Hi,
i attach a patch for the image extractor to support the greek language,
thanks,
Jim
### Eclipse Workspace Patch 1.0
#P DBPedia
Index: core/src/main/scala/org/dbpedia/extraction/mappings/ImageExtractor.scala
===================================================================
--- core/src/main/scala/org/dbpedia/extraction/mappings/ImageExtractor.scala (revision 3650)
+++ core/src/main/scala/org/dbpedia/extraction/mappings/ImageExtractor.scala (working copy)
@@ -16,9 +16,9 @@
{
private val language = extractionContext.language.wikiCode
- require(Set("en").contains(language), "ImageExtractor does only support english extraction")
+ require(Set("en", "el").contains(language), "ImageExtractor does only support english extraction")
- private val wikipediaUrlPrefix = "http://upload.wikimedia.org/wikipedia/en/"
+ private val wikipediaUrlPrefix = "http://upload.wikimedia.org/wikipedia/"+ language +"/"
private val commonsUrlPrefix = "http://upload.wikimedia.org/wikipedia/commons/"
private val nonFreeImages = new HashSet[String]();
@@ -29,8 +29,8 @@
private val encodedLinkRegex = """%[0-9a-fA-F][0-9a-fA-F]""".r
logger.info("Loadings images")
- ImageExtractor.loadImages(extractionContext.articlesSource, freeWikipediaImages, nonFreeImages)

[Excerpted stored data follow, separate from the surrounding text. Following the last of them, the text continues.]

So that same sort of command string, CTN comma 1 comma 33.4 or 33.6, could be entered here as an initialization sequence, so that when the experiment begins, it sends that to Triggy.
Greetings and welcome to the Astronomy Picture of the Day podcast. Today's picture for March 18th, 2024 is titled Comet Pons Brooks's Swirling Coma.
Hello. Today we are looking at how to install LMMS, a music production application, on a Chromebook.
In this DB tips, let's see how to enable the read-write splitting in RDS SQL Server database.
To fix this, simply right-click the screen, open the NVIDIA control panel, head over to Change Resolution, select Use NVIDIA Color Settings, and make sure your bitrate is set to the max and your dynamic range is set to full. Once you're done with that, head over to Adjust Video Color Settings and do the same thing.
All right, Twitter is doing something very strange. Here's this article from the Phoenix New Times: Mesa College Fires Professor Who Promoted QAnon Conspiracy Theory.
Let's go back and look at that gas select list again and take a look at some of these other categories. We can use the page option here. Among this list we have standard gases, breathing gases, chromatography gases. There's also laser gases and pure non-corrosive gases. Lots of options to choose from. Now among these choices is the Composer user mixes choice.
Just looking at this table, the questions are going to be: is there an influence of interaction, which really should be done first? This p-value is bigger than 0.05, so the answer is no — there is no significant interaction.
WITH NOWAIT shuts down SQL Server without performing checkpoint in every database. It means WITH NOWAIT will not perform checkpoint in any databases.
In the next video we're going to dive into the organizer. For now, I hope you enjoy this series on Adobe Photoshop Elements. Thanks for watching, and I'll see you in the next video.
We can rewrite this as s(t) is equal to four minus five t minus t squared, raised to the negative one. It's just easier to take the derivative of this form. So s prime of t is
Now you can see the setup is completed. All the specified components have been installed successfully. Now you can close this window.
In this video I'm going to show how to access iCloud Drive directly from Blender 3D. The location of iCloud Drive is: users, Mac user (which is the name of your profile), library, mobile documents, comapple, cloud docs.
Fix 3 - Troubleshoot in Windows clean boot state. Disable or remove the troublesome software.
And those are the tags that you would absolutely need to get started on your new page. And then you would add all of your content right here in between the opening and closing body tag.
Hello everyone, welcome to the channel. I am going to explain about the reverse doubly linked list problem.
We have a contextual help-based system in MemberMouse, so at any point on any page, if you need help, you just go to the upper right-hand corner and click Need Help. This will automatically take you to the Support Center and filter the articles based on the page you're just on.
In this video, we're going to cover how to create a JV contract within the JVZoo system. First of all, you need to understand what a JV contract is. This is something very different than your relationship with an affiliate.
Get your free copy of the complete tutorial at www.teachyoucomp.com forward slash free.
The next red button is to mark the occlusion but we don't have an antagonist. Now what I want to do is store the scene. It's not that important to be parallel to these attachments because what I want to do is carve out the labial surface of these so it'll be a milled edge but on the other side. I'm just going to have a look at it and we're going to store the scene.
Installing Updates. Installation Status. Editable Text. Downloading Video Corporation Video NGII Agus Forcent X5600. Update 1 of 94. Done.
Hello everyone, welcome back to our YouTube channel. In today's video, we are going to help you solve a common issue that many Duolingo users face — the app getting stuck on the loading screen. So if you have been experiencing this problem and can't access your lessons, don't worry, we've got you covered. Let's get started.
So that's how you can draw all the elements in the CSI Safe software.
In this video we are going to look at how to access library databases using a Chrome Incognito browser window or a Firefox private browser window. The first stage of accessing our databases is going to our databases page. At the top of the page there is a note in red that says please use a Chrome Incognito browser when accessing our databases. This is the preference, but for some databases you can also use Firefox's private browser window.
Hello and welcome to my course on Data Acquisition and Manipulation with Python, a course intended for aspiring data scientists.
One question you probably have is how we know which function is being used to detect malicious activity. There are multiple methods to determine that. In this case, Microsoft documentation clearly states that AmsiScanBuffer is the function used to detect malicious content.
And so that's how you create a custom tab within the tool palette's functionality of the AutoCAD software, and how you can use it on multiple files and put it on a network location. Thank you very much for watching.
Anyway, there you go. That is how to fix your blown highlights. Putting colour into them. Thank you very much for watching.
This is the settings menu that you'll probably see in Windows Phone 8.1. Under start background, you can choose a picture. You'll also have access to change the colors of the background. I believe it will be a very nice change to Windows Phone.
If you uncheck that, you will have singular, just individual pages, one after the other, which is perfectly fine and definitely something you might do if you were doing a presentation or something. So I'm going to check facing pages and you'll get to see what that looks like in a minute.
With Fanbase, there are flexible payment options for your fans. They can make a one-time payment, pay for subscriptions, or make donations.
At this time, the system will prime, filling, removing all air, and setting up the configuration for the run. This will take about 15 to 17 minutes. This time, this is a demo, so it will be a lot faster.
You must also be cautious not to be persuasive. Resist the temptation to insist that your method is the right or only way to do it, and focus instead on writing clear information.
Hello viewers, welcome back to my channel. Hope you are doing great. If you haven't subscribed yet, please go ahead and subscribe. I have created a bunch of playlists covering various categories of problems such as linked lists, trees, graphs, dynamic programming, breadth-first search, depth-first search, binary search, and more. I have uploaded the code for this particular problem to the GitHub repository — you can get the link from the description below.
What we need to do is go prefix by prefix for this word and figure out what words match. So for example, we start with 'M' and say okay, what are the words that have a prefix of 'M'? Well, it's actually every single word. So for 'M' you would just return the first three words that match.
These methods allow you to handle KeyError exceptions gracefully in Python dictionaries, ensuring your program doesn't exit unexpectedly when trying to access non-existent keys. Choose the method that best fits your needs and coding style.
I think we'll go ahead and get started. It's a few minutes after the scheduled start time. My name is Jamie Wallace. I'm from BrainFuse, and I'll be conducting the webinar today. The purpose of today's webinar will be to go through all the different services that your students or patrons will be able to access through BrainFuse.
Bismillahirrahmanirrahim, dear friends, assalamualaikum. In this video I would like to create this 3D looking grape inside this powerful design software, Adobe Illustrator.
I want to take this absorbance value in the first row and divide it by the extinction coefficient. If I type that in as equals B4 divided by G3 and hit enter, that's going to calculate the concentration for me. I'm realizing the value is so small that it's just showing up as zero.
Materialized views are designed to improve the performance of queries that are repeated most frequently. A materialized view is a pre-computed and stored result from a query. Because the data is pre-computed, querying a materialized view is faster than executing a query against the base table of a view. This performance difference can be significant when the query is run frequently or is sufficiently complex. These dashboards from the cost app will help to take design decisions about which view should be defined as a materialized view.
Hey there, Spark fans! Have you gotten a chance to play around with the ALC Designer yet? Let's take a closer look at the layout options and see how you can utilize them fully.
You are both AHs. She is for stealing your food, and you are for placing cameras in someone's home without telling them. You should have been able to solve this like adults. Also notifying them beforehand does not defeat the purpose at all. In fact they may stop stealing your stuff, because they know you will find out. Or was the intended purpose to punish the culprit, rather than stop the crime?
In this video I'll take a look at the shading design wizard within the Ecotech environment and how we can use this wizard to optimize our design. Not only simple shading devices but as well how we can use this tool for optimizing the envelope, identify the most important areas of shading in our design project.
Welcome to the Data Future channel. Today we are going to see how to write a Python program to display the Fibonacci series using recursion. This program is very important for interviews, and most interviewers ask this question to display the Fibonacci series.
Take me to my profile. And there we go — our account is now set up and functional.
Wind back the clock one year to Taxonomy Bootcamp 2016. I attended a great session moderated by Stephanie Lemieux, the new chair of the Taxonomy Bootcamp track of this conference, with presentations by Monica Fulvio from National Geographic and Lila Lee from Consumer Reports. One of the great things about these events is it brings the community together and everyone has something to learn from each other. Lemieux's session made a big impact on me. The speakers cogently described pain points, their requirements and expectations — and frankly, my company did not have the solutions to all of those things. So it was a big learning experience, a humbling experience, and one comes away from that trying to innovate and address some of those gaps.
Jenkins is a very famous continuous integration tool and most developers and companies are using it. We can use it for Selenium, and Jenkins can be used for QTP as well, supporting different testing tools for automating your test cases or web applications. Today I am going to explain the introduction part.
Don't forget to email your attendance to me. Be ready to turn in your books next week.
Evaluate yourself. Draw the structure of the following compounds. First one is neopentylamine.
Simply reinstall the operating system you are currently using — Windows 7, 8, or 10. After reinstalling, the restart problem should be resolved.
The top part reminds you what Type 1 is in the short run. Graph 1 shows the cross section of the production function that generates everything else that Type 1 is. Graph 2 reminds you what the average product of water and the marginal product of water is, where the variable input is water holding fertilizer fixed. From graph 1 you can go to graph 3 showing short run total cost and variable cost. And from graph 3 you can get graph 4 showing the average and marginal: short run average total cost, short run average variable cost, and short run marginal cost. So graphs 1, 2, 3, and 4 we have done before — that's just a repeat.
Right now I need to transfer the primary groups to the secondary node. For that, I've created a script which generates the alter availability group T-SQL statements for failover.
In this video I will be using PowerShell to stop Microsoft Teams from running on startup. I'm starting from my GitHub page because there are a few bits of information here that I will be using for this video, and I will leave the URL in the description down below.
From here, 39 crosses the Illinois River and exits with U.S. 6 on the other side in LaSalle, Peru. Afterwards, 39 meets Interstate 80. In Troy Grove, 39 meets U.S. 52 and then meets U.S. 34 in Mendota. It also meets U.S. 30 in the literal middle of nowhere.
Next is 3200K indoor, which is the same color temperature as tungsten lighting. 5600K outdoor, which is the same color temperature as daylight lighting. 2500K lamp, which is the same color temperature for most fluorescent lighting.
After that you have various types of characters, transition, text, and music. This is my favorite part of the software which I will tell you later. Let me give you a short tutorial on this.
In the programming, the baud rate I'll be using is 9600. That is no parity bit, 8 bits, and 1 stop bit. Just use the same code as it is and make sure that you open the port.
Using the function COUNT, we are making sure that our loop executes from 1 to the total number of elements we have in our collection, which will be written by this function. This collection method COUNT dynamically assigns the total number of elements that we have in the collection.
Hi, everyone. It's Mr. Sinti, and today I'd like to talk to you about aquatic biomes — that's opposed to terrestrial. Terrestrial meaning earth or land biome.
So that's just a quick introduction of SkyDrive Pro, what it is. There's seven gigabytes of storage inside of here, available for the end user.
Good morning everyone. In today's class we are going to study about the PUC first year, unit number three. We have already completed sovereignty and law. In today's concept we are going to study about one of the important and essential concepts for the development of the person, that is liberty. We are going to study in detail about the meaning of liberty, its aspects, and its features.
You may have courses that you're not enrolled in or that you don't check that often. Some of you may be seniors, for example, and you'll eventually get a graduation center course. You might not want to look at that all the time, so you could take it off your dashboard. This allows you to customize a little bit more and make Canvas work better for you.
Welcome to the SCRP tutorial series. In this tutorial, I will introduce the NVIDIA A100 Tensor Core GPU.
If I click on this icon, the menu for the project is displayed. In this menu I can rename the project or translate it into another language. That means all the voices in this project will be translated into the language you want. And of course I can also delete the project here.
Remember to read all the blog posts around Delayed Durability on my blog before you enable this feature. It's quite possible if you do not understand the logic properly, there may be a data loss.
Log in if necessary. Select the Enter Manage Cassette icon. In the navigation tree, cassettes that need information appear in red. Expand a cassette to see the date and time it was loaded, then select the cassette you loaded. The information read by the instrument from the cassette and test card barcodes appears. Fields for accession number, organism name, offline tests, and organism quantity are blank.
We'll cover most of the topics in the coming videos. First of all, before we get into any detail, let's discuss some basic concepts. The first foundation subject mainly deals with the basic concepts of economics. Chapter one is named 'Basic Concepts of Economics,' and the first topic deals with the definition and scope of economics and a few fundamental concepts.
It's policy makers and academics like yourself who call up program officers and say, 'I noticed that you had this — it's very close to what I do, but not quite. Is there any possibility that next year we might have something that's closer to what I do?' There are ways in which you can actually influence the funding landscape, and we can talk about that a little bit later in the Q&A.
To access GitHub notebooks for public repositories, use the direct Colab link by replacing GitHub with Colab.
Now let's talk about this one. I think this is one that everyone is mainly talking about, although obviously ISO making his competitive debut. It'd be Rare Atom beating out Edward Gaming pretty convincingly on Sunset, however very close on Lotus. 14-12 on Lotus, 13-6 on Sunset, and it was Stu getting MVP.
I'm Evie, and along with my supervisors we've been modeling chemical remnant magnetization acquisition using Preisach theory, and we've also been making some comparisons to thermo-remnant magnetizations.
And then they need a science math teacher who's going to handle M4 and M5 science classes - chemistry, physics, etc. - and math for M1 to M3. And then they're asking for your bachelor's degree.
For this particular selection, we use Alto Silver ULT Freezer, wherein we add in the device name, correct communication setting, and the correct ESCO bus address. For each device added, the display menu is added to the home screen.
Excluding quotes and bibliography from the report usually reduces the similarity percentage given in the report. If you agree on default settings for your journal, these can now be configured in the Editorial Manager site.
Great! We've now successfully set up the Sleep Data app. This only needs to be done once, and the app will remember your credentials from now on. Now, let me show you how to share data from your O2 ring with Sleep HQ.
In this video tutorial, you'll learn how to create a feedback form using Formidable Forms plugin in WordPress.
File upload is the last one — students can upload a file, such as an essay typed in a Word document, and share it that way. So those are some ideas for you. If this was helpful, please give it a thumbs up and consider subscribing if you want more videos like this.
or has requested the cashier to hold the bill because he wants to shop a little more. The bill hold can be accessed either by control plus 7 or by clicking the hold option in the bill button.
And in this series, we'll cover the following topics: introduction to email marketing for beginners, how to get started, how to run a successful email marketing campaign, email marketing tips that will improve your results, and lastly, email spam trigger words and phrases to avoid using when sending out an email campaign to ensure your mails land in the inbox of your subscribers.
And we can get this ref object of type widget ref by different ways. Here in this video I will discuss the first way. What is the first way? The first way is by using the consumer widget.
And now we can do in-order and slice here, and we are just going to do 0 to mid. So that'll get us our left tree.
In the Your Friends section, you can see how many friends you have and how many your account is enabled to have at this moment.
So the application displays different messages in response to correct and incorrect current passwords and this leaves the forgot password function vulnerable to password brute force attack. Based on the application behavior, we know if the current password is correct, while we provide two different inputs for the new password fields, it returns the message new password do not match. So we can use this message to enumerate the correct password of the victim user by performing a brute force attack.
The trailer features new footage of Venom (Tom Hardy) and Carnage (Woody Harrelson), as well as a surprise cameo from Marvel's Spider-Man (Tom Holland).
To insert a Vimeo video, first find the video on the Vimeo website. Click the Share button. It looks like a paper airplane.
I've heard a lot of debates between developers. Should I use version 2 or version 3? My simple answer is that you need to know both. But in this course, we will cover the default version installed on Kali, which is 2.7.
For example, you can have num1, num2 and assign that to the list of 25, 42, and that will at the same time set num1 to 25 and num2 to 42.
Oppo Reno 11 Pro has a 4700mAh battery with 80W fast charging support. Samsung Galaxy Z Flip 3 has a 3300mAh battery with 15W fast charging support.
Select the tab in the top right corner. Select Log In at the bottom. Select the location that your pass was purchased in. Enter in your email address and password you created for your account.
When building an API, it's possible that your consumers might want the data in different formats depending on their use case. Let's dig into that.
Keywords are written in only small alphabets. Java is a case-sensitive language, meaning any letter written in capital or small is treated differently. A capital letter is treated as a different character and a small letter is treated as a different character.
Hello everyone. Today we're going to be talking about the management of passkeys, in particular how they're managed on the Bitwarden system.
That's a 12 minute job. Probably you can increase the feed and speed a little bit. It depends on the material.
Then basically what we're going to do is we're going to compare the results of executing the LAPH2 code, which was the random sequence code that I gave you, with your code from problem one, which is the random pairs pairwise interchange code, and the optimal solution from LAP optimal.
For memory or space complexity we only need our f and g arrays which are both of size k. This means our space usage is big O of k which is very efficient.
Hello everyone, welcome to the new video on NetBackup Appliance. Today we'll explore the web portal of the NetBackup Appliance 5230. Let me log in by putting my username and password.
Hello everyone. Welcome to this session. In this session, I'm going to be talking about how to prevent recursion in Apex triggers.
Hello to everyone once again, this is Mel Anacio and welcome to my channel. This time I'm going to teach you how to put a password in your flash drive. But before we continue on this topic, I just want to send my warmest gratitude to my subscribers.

- ImageExtractor.loadImages(extractionContext.commonsSource, null, nonFreeImages)
+ ImageExtractor.loadImages(extractionContext.articlesSource, freeWikipediaImages, nonFreeImages, language)
+ ImageExtractor.loadImages(extractionContext.commonsSource, null, nonFreeImages, language)
logger.info("Images loaded from dump")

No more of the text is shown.